Exercise objective –
Only the pictures are to be left out; return the rest of the data exactly as it stands.

Provided records –

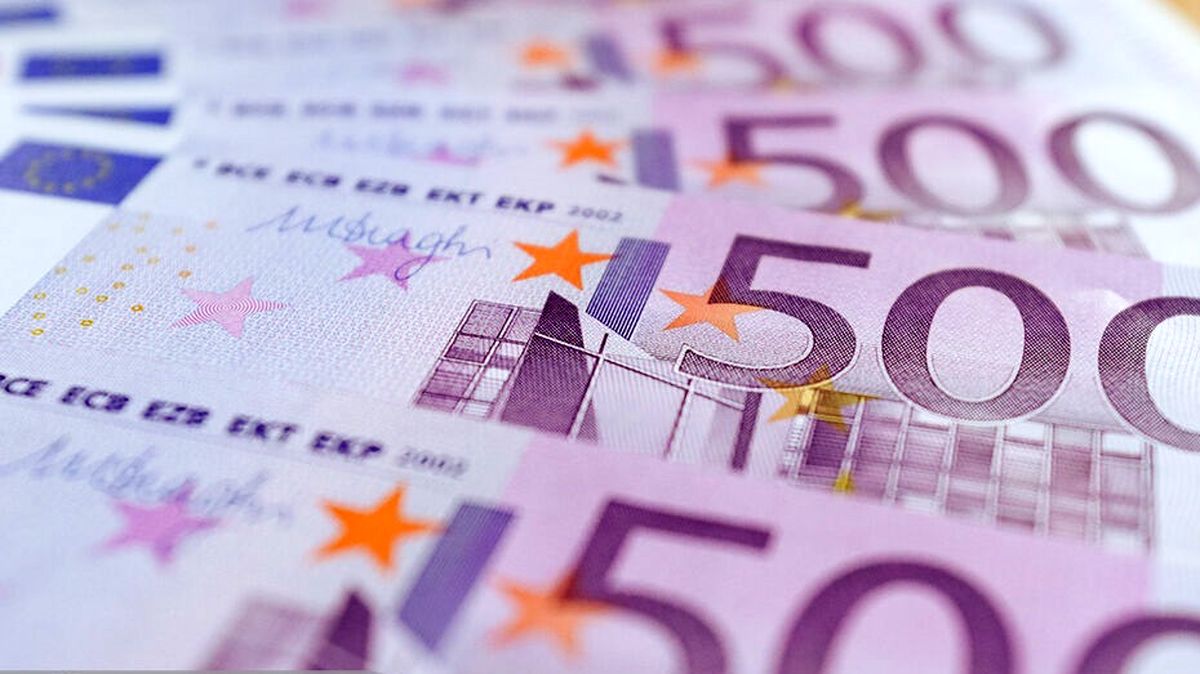 کاهش قیمت یورو در اولین هفته اردیبهشت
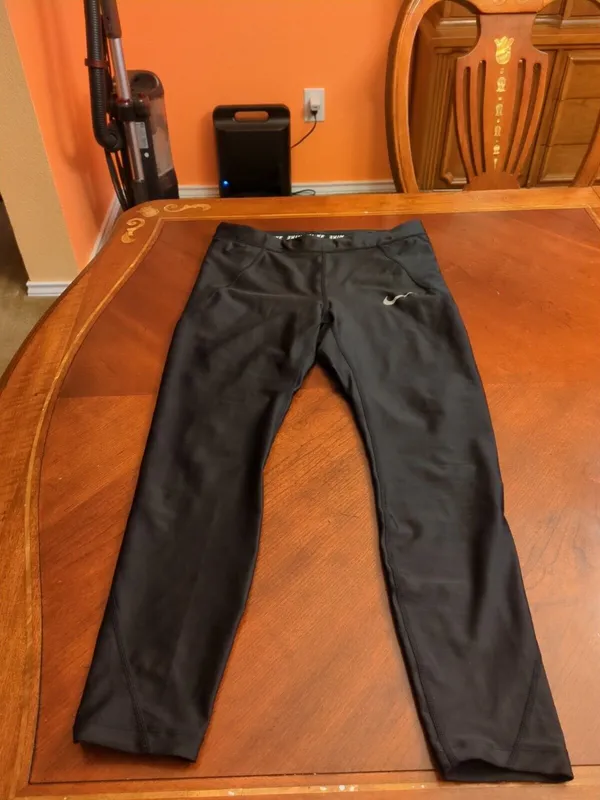 Nike Womens Power Essential Crop Tight Leggings Black Dri-Fit Size M - Image 5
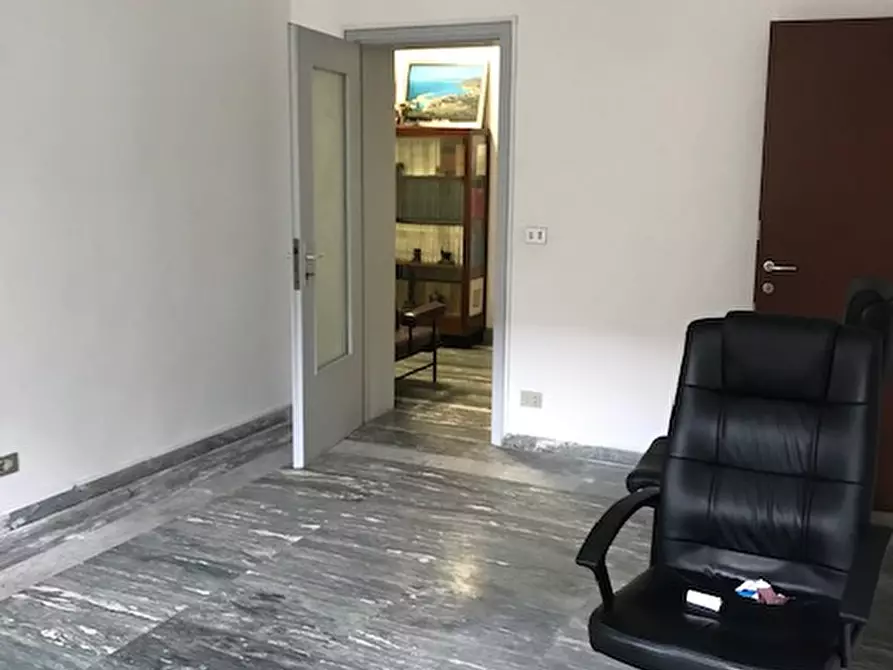 Immagine 5 di Ufficio in affitto  in Via Roma a Livorno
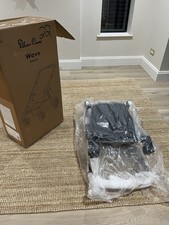 BNIB Silver Cross Wave Chassis
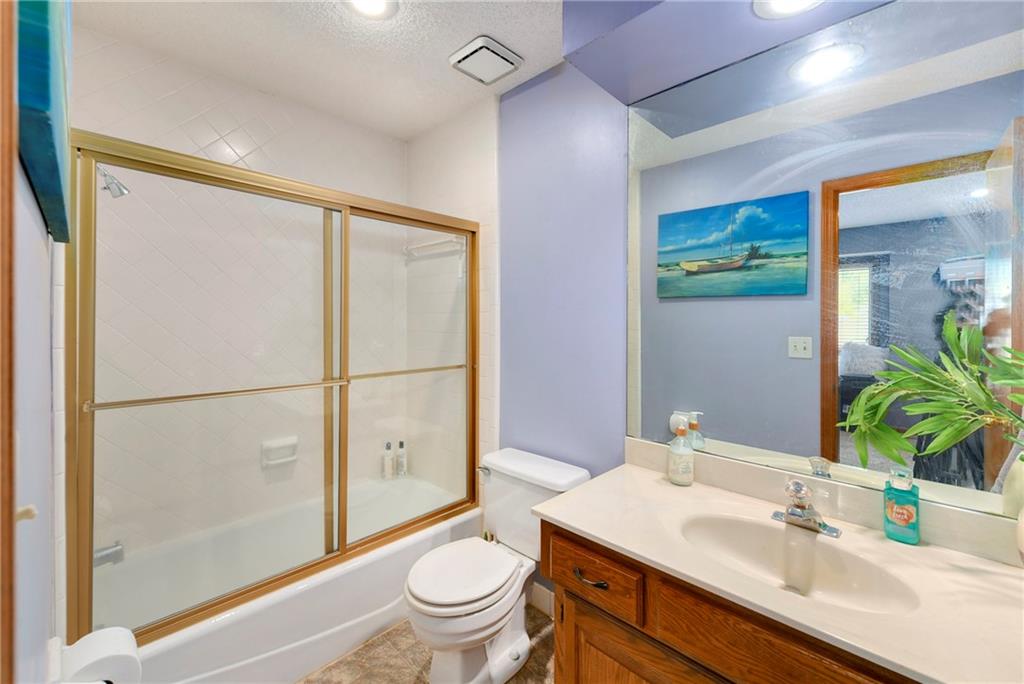 12031 Hemlock Street Overland Park, KS 66213 - Photo 17 of 24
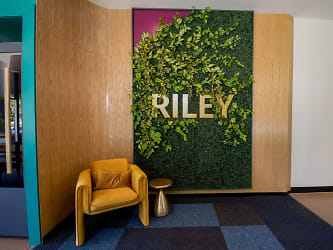 Riley Apartments - Richfield, MN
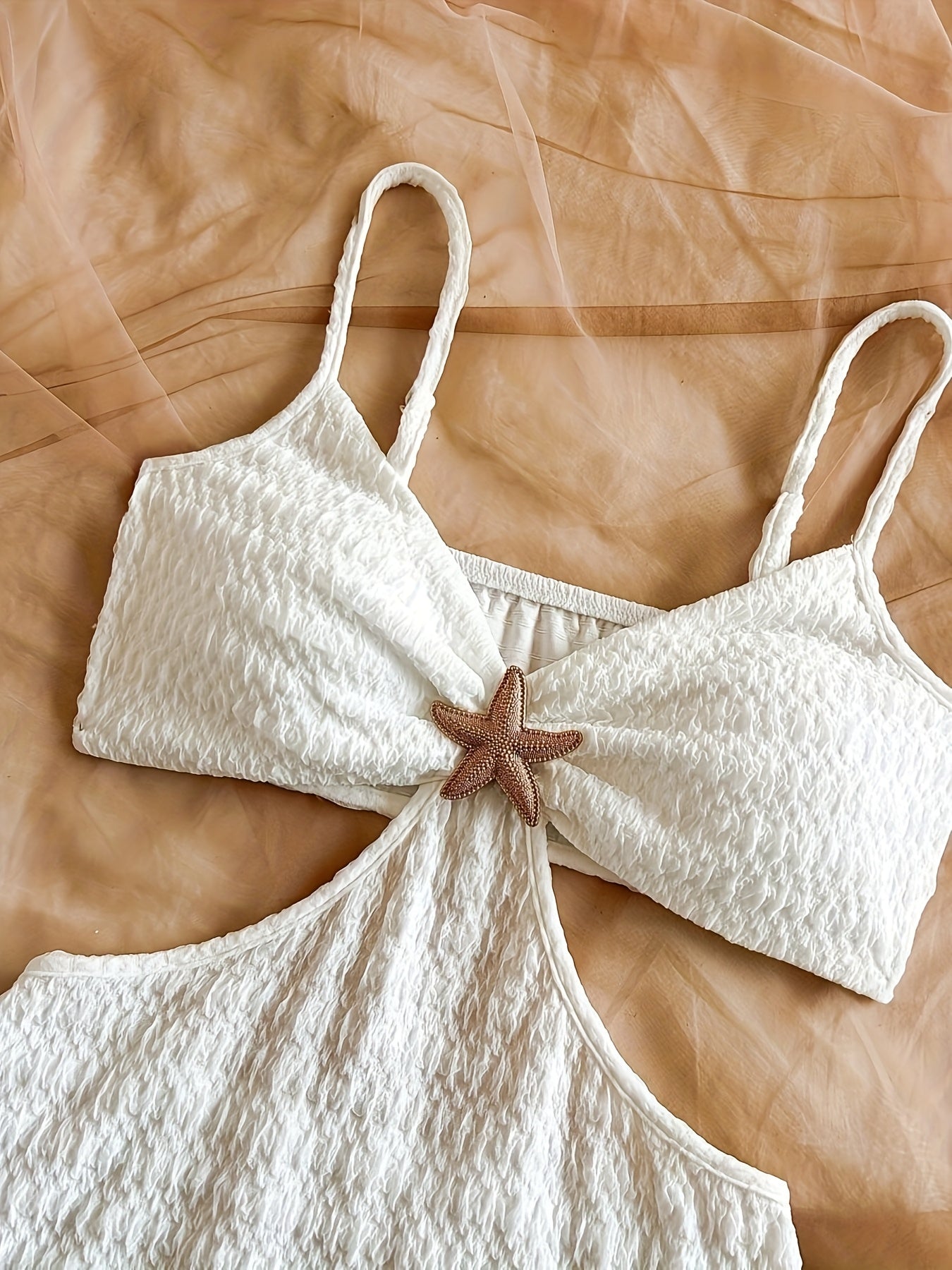 Abito aderente mini stile spiaggia per donna con dettaglio stella marina e taglio alla moda
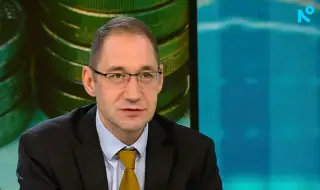 Икономист: Разликата в заплатите расте – държавните служители печелят повече, частният сектор намалява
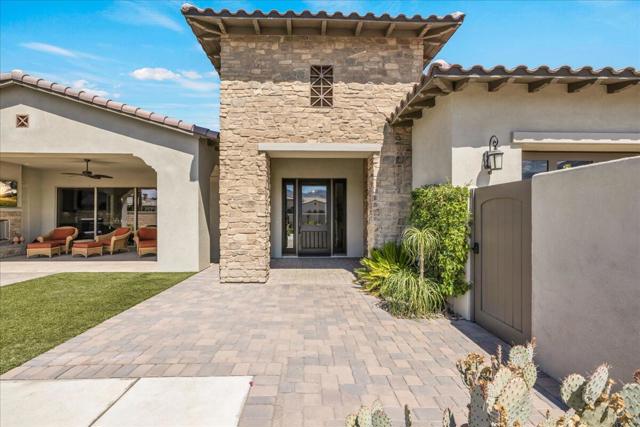 55120 Autumn Valley Court, La Quinta CA: https://media.crmls.org/mediaz/654267c3-6e79-49a0-a334-be390f418b9a.jpg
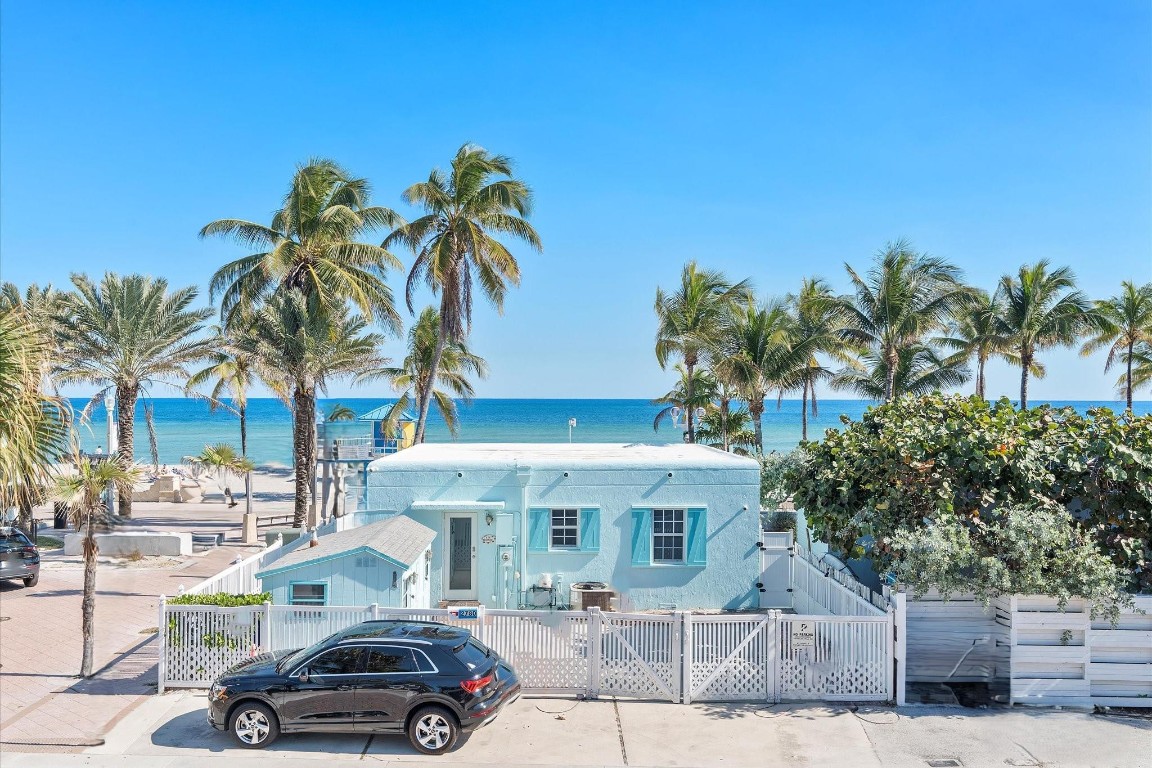 BEACH TERRACE RESORT - Residential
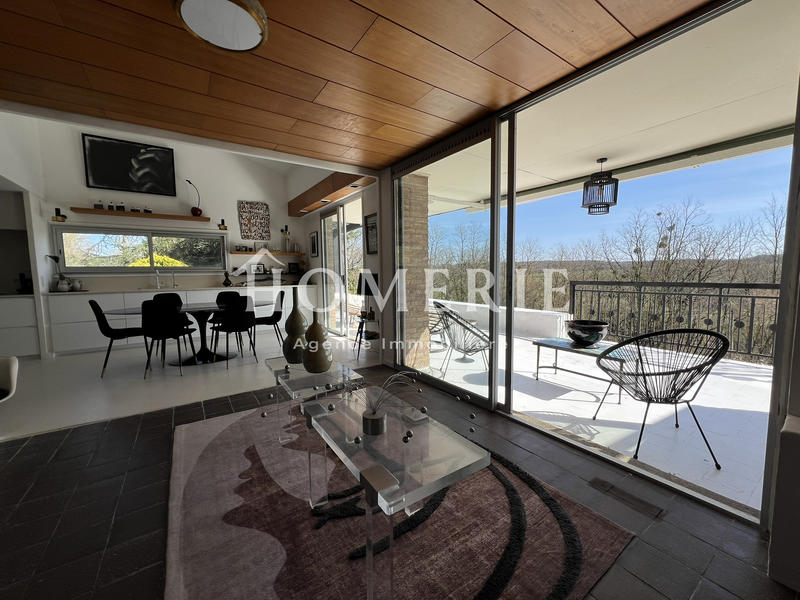 Maison - 215 m² - 7 pièces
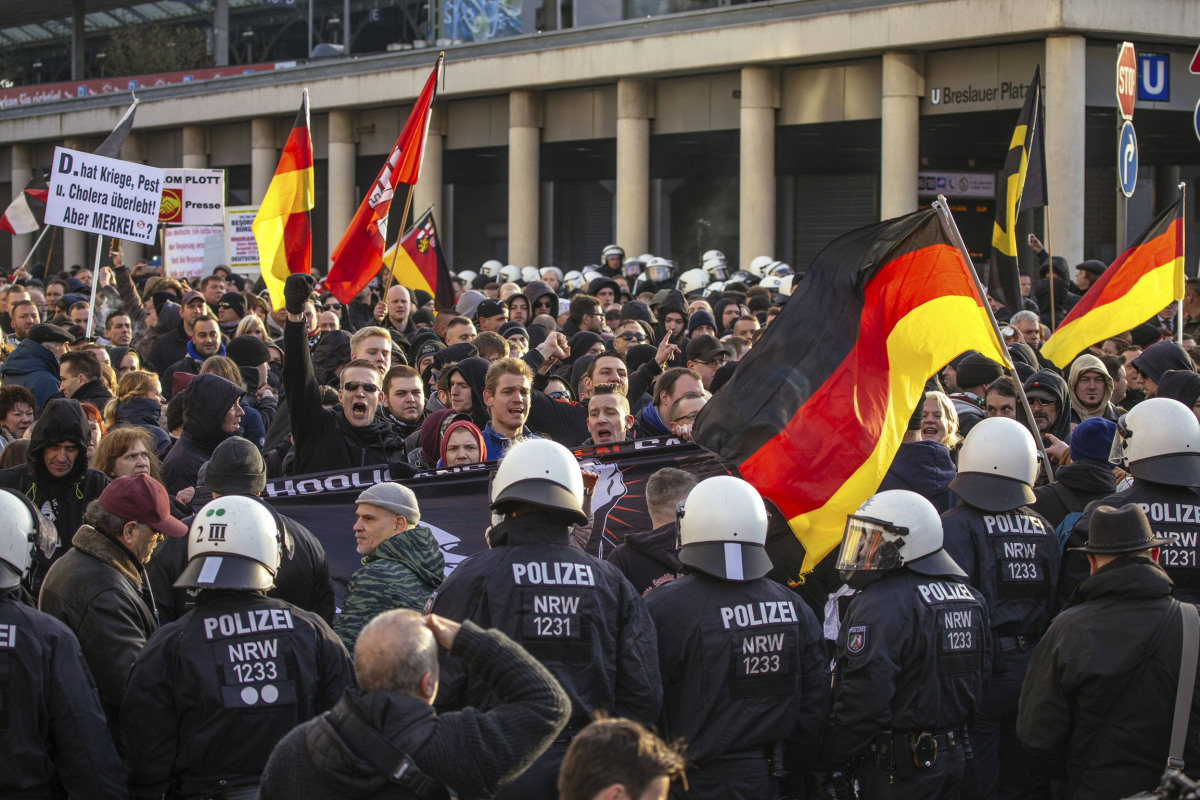 New Year's Eve Assaults Spark AntiImmigrant Protests in Germany NBC News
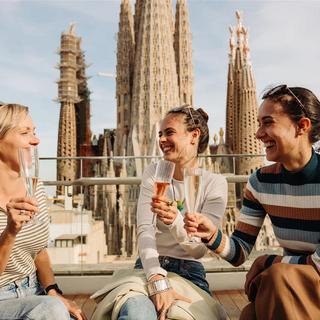 Sagrada Familia Closing Time Tour with Rooftop Views for 2 - Barcelona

Result –
 کاهش قیمت یورو در اولین هفته اردیبهشت
 Nike Womens Power Essential Crop Tight Leggings Black Dri-Fit Size M - Image 5
 Immagine 5 di Ufficio in affitto  in Via Roma a Livorno
 BNIB Silver Cross Wave Chassis
 12031 Hemlock Street Overland Park, KS 66213 - Photo 17 of 24
 Riley Apartments - Richfield, MN
 Abito aderente mini stile spiaggia per donna con dettaglio stella marina e taglio alla moda
 Икономист: Разликата в заплатите расте – държавните служители печелят повече, частният сектор намалява
 55120 Autumn Valley Court, La Quinta CA: https://media.crmls.org/mediaz/654267c3-6e79-49a0-a334-be390f418b9a.jpg
 BEACH TERRACE RESORT - Residential
 Maison - 215 m² - 7 pièces
 New Year's Eve Assaults Spark AntiImmigrant Protests in Germany NBC News
 Sagrada Familia Closing Time Tour with Rooftop Views for 2 - Barcelona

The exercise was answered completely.